Figure 4. Decomposition of target T0181 from CASP5 into Smotifs and matching of Smotifs to existing protein structures.
Each of the Smotifs was used as a probe to search a backdated database of protein structures. The PDB code, chain, start, and end residue position that match the specific Smotif is shown below each structure.doi:10.1371/journal.pcbi.1000750.g004
Table 1. Summary of geometry and SSs among CASP targets and SCOP folds considered as ‘New folds’.doi:10.1371/journal.pcbi.1000750.t001
When we explored the frequency of occurrence of Smotifs in the non-redundant set of known folds, we observed that novel folds have a larger fraction of Smotifs that have a low frequency of occurrence in the PDB (Fig. 5 CASP dataset; see Fig. S3 and S4 for distribution of Smotif frequency calculated for SCOP 1.75 and SCOP 1.73 respectively). On the other hand, superfolds , those that are adopted by many different sequences often with different functions, are built by Smotifs that occur with medium or high frequencies in existing folds. This implies that novel folds are composed of a new permutation of existing Smotifs and, specifically, a structure will have a greater likelihood of being “novel” if the structure is enriched with rarely occurring Smotifs. This phenomenon becomes especially apparent when the relative frequency of occurrences of Smotifs drops below 0.09 (Fig. 5, Fig. S2, Fig. S3).
Figure 5. Distribution of the frequency of Smotif geometries in CASP datasets.
Proteins were grouped according to the number of structures per fold. Seven categories were described: new folds (blue romboid); folds with: one protein (green triangle), 2 to 10 (purple box), 10 to 50 (cyan box), 50 to 100 (orange circle), and more than one hundred proteins (red box), respectively. The values were plotted as histogram of frequencies with a log scale in the X-axis.

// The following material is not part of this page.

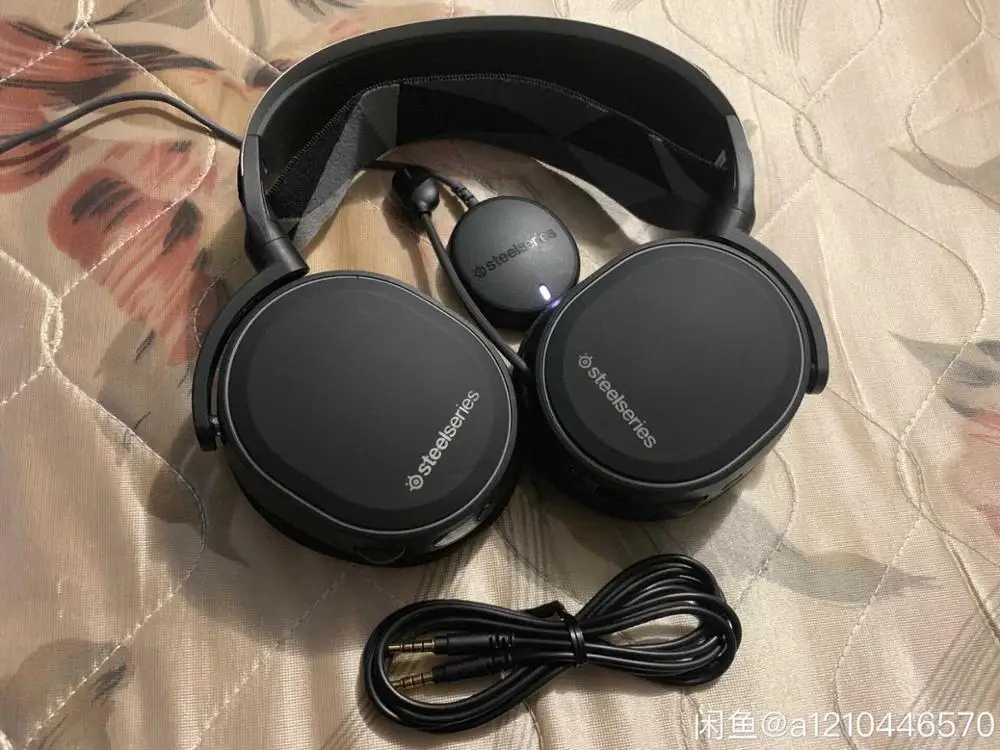 USED SteelSeries Arctis 7 Lag-Free Wireless Gaming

The same dataset and approach is used to avoid redundancy as for Fig. 2.doi:10.1371/journal.pcbi.1000750.g005
Two examples of the above observations are illustrated in Fig. 6. The first example is the new fold target T0181, discussed above (PDB code: 1nyn; Fig. 6A). The second example is a member of the immunoglobulin fold (PDB code: 1gyv; Fig. 6B), which is one of the most populated folds. Target 181, a new fold structure, can be decomposed into 7 Smotifs, where five are considered low frequency (i.e. frequency smaller than 0.01, or less than 1%). On the other hand, for a representative structure of the immunoglobulin fold (SCOP fold descriptor 48725, Immunoglobulin-like beta sandwich), the opposite situation occurs. Five out of the 7 Smotifs that comprise the structure are very well represented (high frequency) in the pool of Smotifs (Fig. 6B).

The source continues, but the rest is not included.